Cystic Fibrosis is a recessive genetic disorder, which means that both parents need to be carriers in order for a child to be born with the disease. Many prospective parents are unaware that they carry the Cystic Fibrosis gene until they have a child with Cystic Fibrosis (CF). The reason for this is that carrying the faulty gene does not appear to adversely effect the health of the carrier, although there is some debate about this as carriers tend to have higher rates of certain disorders (chronic rhinitis for example) as compared to the general population.

Both parents being carriers does not mean that all potential offspring will have CF because carriers will have a pair of genes one faulty and one healthy. This means that the parent has a 50% chance of giving their child the faulty gene resulting in the following odds: chances of a child being a carrier 2 in 4 (50%), chances of child who is CF 1 in four (25%), chances of child not having any faulty CF genes 1 in 4 (25%).

The odds outlined above are for every birth, therefore it is possible in a family of four children, that all or none of the children have CF or are carriers.

The popular conception of CF is that it is a disease affecting the lungs and although this is true, it may be better viewed as a disease resulting in excessive mucous production which causes damage to the lungs, pancreas, liver, sinuses, and reproductive areas.

One of the major causes of death in the past was the damage to pancreatic function which stopped enzyme production needed to break down the fats in food, resulting in malnutrition and weight loss. CF patients take pancreatic enzymes with their food and some drinks (Coca Cola because of the vegetable fats but not lemonade) in order to digest the fats.

Damage to the Pancreas can also result in the person with CF developing type one diabetes which would necessitate insulin injections along with the daily barrage of antibiotics used to fight lung infections.
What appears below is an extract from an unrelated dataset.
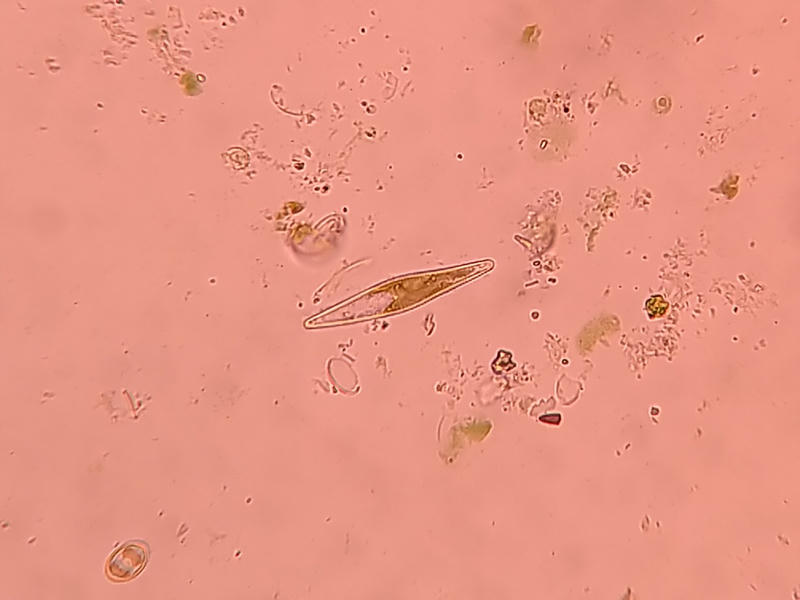 Gomphonema sp.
Reproductive areas are affected by the excessive mucous including CF males. In the CF male, the Vas Deferens becomes blocked and in the female the excess mucous makes conception difficult.

The most damaging effect of CF is the damage to the lungs by the mucous which itself creates the perfect environment for bacterial infections that can eventually lead to irreversible damage and eventual death. It is the area of lung function that stem cell research offers the greatest hope. Stem cells could be used in the future to rebuild the lungs of CF sufferers using their own stem cells whilst replacing the faulty gene with a normal one.